10 Issues New CMS Administrator Will Face
The Centers for Medicare and Medicaid Services is the agency many providers love to hate.
CMS, which is an $800 billion bureaucracy with nearly 5,000 employees, is also the biggest payer of healthcare bills in the U.S. and arguably the most influential in health reform.
President Obama is reportedly on the verge of officially naming Don Berwick, MD, a highly regarded idealist in quality and efficiency, to lead the agency. CMS has been without an administrator since 2006 though Kerry Weems was the acting administrator during the final years of the Bush administration.
Berwick, a Harvard pediatrician who 20 years ago founded the Institute for Healthcare Improvement to remodel how doctors and hospitals treat patients, describes himself as "an extremist" in his advocacy of patient-centered care.
That concept of patient-centered care requires remodeling the entire healthcare delivery system, as many reform supporters have proposed.

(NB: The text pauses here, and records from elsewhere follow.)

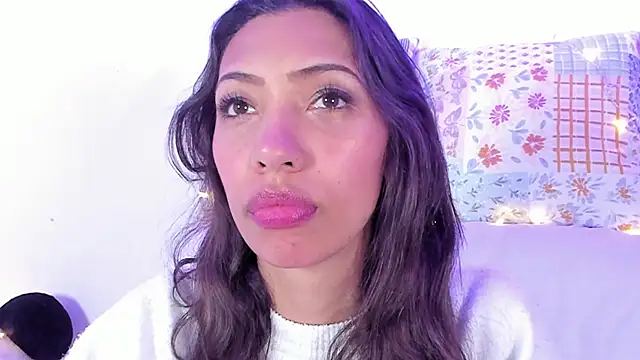 Miss veronicaa2 online show from February 28, 2025, 2:20 pm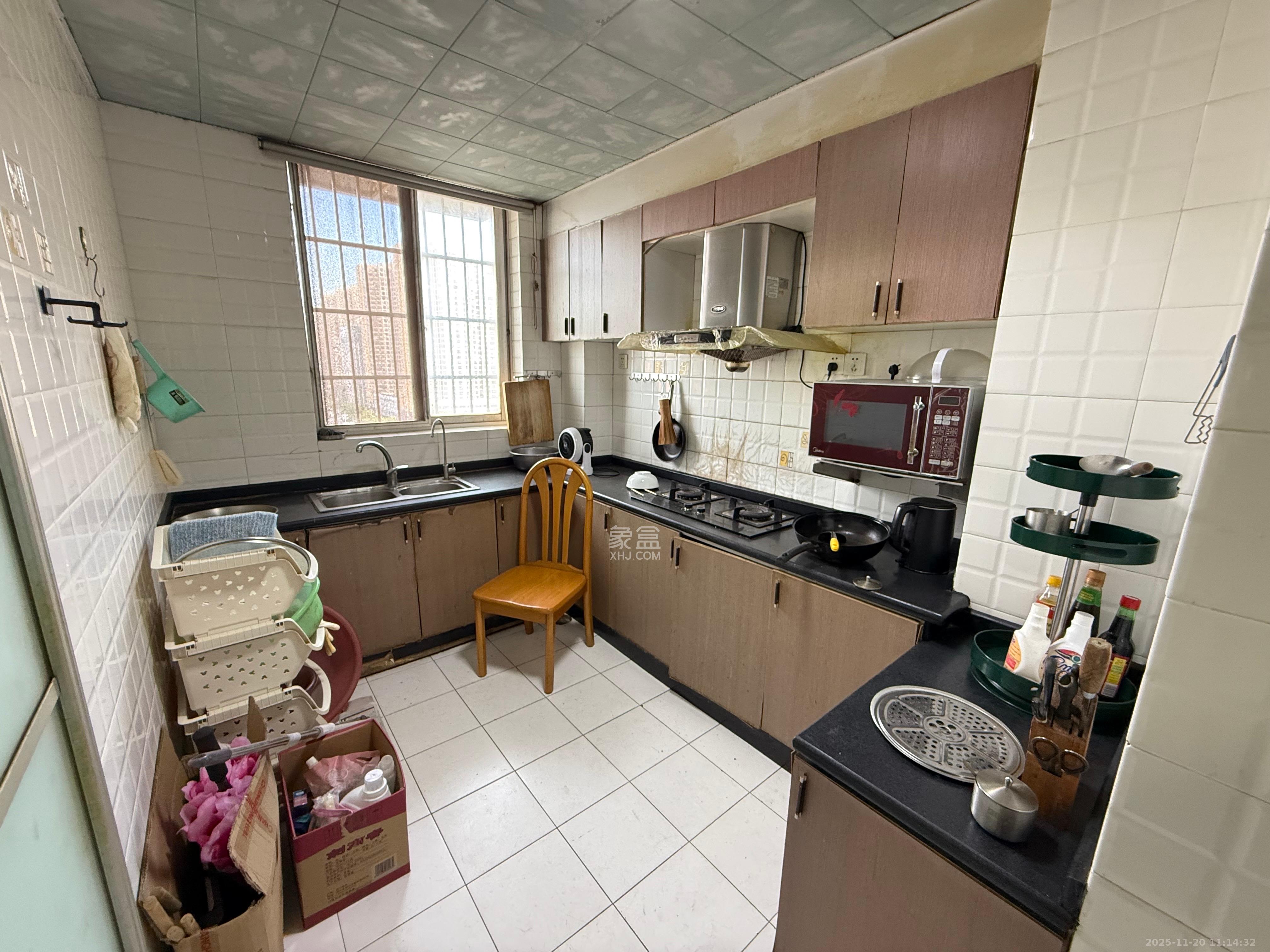 朝阳欣园  4室2厅2卫    3100.0元/月室内图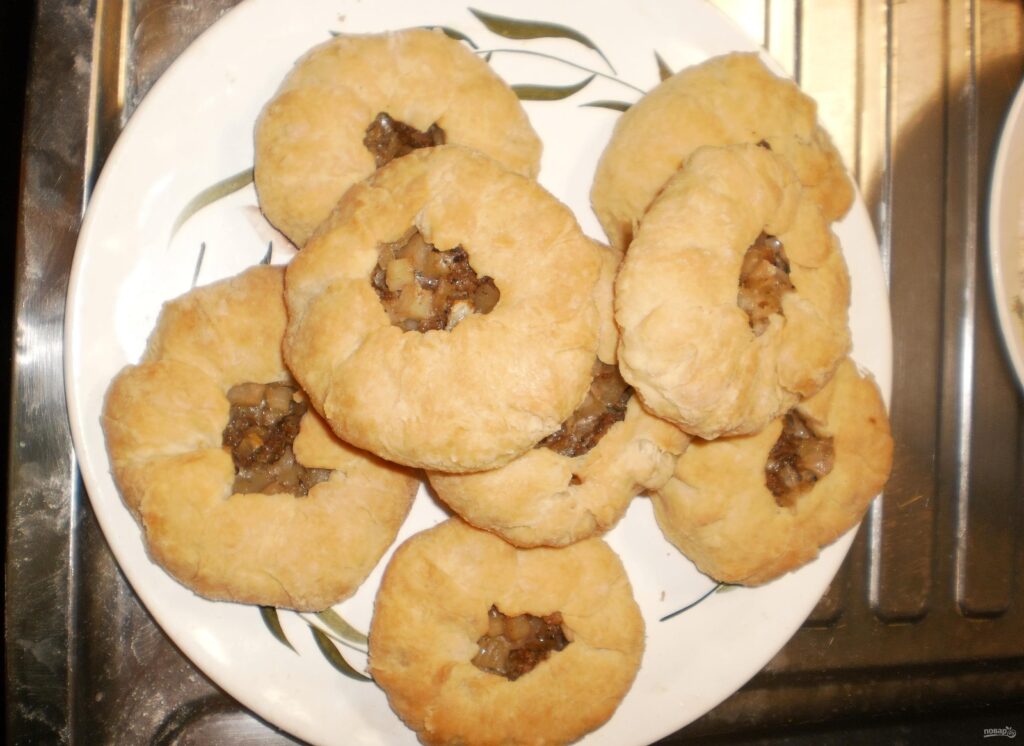 Беляши с мясом в духовке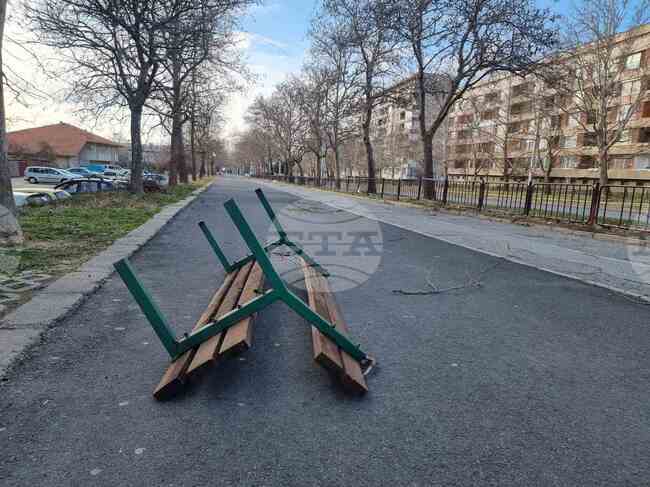 Общинските екипи в Сливен отстраняват щети след силния вятър 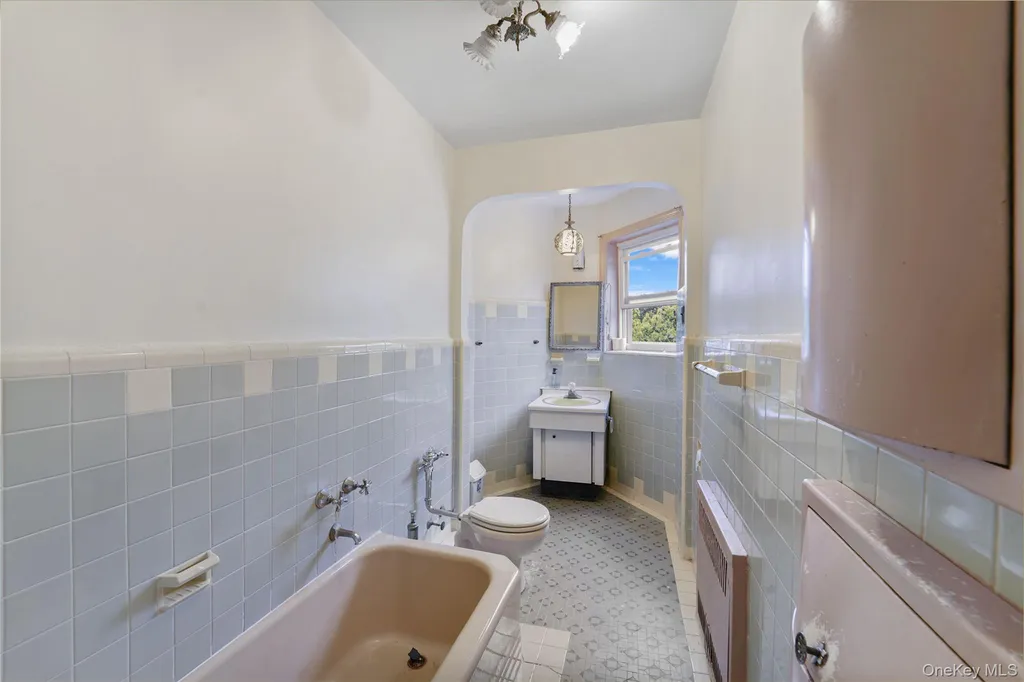 1402 E 37th Street Brooklyn NY 11210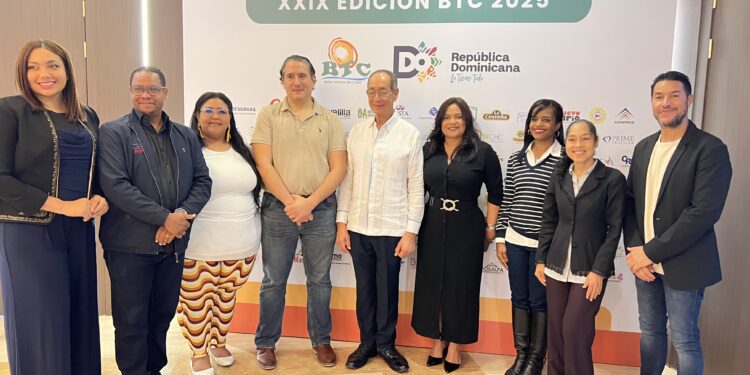 Adompretur reafirma su compromiso con el turismo sostenible en la BTC 2025
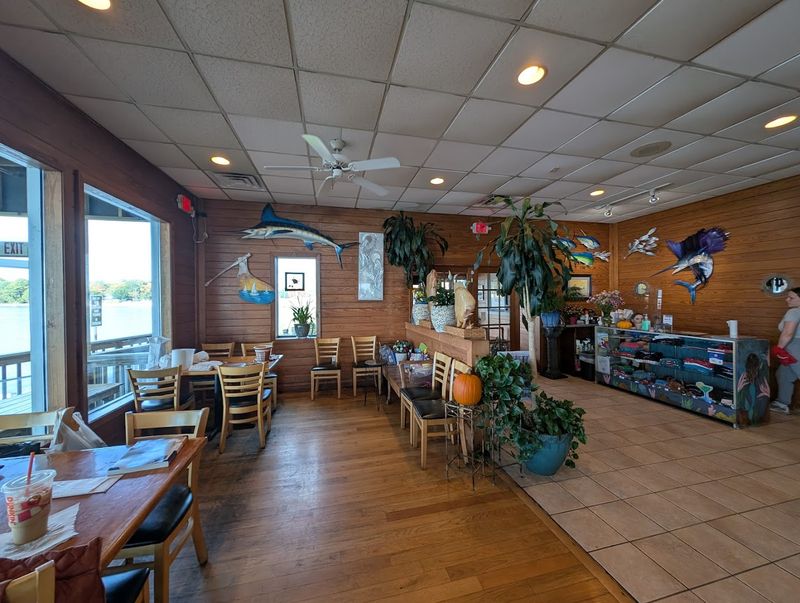 Dining Atmosphere And Customer Service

On the heels of the Institute of Medicine report, "To Err Is Human," for example, he was the architect of a series of campaigns that encouraged hospitals to design systems to reduce medical errors. One encouraged hospitals to institute rapid response teams, which are strike forces that come to assist when hospitalized patients begin to fail when they are outside of an intensive care unit.
Whether Berwick will actually be named, and whether he will accept the challenge, remain unclear.
But whoever agrees to take the CMS administrator's desk will have to be a kind of dragon slayer from the start by confronting a host of issues and obstacles and overcoming long-held customs and practices.
Here are 10 issues the new administrator will have to face:
1. Survive Senate confirmation. Reports suggest that opponents of the new healthcare reform legislation may use the proceedings to whittle and pare the responsibilities and authority of the agency that will, in effect, whittle and pare the provisions of the law itself.
2. Fight to build up the agency's reputation from that of an overworked, struggling behemoth to one that sets goals and appropriately incentivizes providers to improve care, decrease morbidity, lower mortality, and improve quality of life.
This may mean fighting for a bigger budget, and somewhat different workforce.
"It's been seen as a bit of a downtrodden agency—understaffed, and never greatly appreciated," says Blair Childs, vice president of public affairs for Premier Inc., which now collaborates with Medicare on several pay-for-performance demonstration projects.
"CMS behaves like a resource-starved agency, which it is," noted Weems, in an interview with John K. Iglehart last June in Health Affairs. "CMS is a weakened organization. It has the capacity to pay bills and prepare the annual payment notices. But after that, there is little capacity, much less time, left to think through what a system of higher quality would look like."
3. Decide how accountable care organizations and medical homes will work, and how best to incentivize physicians to keep patients out of the hospital, putting them in direct competition with the hospitals that give them staff privileges.
This includes implementing a policy that reduces payments to hospitals with higher than average numbers of avoidable readmissions.
4. Create the new CMS Innovation Center, which will spend $10 billion through 2019 on finding ways to provide better care.